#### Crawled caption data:
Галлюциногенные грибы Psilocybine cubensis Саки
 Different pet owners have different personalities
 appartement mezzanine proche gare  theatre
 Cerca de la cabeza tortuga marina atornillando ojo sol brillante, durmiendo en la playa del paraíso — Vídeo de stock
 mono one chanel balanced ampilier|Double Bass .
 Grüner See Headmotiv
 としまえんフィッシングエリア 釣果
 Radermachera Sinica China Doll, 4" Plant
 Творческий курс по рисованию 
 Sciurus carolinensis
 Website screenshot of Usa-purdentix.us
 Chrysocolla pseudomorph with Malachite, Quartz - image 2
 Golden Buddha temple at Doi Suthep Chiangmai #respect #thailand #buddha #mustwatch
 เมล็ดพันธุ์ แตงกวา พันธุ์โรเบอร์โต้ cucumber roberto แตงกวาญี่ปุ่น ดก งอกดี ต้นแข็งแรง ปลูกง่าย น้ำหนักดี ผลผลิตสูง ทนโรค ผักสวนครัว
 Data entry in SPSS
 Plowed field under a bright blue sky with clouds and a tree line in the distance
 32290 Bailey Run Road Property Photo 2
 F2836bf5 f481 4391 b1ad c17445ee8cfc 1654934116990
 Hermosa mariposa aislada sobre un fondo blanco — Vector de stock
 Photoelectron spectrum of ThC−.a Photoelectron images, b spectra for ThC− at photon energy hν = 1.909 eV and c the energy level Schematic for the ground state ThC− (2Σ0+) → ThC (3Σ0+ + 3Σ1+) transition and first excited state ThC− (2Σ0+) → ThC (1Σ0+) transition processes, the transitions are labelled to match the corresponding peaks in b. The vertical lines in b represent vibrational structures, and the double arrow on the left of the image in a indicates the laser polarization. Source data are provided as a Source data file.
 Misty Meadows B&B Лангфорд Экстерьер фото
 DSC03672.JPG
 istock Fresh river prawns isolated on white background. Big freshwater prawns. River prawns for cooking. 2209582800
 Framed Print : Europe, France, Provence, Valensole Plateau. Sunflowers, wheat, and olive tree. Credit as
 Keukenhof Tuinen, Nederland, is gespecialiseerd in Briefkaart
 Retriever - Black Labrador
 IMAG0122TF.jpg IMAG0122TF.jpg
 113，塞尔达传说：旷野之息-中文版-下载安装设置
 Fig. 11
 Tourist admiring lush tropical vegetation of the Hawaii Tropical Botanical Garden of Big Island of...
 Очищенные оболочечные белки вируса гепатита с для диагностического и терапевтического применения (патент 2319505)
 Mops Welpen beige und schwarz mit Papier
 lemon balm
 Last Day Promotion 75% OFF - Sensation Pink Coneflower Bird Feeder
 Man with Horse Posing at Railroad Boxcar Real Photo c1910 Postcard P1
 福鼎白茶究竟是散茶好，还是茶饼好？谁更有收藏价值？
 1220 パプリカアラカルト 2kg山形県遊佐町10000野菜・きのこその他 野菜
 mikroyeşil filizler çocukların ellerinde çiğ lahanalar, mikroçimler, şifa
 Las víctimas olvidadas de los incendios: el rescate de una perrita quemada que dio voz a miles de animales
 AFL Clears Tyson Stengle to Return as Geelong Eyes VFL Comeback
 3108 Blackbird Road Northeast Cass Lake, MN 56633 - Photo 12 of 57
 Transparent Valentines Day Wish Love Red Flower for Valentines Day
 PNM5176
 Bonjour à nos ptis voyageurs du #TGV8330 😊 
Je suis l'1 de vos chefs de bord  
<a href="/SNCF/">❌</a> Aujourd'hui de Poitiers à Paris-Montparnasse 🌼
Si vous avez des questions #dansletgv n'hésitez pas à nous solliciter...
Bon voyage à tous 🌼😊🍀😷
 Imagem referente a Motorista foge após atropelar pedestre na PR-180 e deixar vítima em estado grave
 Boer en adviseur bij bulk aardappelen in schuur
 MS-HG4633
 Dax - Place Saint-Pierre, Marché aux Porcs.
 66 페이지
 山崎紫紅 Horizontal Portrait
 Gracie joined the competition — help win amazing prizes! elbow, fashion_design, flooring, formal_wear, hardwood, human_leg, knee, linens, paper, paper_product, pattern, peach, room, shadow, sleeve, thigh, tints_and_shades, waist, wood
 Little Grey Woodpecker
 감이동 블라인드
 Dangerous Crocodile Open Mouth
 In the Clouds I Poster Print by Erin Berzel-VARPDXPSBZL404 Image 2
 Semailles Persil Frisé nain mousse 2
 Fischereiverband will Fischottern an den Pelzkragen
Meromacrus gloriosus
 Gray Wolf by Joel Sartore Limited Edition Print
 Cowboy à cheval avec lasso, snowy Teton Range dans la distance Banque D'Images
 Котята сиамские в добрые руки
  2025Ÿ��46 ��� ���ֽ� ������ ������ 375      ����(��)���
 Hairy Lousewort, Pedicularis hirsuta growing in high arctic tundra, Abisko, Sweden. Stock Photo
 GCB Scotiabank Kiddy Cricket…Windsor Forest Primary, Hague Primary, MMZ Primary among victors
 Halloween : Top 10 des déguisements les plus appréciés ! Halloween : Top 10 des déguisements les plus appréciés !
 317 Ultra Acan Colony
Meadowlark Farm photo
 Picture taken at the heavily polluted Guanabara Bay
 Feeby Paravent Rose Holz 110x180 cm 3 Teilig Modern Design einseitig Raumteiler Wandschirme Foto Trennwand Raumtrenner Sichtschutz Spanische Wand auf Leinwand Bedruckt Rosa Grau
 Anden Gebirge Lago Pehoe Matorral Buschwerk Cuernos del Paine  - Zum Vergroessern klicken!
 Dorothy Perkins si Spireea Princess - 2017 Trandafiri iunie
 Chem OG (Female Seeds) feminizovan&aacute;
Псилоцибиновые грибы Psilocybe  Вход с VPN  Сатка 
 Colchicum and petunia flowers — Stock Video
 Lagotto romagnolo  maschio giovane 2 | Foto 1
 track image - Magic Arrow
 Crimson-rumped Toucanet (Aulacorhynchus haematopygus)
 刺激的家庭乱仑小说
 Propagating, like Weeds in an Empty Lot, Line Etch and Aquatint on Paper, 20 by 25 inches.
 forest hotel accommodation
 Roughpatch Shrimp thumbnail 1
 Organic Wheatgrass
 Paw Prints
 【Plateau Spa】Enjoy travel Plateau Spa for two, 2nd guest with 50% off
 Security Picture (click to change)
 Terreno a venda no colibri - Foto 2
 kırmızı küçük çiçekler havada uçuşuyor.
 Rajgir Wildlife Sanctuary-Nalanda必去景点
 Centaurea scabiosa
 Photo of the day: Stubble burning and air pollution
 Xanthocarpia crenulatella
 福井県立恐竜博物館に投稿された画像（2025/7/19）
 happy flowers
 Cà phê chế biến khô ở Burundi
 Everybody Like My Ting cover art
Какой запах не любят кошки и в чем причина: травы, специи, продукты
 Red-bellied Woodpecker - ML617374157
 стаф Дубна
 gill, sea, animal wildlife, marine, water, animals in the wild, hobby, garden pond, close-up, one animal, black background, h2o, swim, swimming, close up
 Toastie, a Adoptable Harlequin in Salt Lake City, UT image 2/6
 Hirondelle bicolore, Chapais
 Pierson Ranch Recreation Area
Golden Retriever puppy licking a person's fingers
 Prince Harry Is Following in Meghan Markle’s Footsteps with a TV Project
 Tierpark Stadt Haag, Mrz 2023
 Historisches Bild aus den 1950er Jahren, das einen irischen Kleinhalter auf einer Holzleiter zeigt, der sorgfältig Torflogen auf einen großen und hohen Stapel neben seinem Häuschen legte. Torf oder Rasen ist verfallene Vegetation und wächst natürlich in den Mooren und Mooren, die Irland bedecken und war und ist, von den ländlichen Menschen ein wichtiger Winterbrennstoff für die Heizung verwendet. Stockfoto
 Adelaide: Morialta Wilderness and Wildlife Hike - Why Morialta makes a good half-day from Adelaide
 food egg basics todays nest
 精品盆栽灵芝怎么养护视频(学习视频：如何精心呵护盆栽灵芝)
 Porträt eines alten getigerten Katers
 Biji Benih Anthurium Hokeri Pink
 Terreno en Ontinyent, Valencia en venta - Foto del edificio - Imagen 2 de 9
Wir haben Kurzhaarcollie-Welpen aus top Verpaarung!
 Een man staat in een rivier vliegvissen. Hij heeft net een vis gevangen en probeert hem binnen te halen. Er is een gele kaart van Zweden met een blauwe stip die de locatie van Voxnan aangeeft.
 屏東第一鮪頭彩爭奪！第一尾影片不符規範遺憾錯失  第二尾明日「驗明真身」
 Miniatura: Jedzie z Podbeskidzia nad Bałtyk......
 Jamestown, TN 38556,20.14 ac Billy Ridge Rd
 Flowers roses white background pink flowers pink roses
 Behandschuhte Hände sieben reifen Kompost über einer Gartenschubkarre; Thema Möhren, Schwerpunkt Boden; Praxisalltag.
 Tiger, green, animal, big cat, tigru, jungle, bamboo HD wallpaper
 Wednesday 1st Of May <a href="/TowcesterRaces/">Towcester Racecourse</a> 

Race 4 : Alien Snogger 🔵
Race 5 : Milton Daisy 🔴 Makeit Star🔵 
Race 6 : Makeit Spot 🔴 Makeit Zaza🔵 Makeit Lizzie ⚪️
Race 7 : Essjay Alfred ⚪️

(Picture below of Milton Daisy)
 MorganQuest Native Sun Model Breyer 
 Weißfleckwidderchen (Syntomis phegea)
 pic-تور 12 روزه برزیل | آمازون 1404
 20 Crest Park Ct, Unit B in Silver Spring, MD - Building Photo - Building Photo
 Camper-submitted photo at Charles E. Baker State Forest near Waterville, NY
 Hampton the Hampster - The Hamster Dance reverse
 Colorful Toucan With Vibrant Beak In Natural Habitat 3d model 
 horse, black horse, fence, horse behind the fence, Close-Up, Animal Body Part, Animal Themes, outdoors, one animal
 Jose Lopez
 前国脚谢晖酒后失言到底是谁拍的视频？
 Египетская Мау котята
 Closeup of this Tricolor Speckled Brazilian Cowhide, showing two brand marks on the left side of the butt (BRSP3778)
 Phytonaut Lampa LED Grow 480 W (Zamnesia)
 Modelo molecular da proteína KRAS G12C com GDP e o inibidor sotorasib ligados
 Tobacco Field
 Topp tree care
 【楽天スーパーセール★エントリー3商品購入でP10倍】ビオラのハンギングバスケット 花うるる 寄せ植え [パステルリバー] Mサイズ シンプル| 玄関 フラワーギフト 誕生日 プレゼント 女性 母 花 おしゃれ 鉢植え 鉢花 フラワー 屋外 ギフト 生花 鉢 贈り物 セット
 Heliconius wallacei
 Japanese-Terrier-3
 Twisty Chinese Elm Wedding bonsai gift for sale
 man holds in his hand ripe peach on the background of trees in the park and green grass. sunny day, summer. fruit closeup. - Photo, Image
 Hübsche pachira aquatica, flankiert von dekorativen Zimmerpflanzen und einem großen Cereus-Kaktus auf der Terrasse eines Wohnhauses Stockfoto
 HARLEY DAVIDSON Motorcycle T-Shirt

#### Exercise:
Write out the lines of the entries, word for word, from the first through the one containing "Cerca de la", and stop at that line.

#### Response to this task:
Галлюциногенные грибы Psilocybine cubensis Саки
 Different pet owners have different personalities
 appartement mezzanine proche gare  theatre
 Cerca de la cabeza tortuga marina atornillando ojo sol brillante, durmiendo en la playa del paraíso — Vídeo de stock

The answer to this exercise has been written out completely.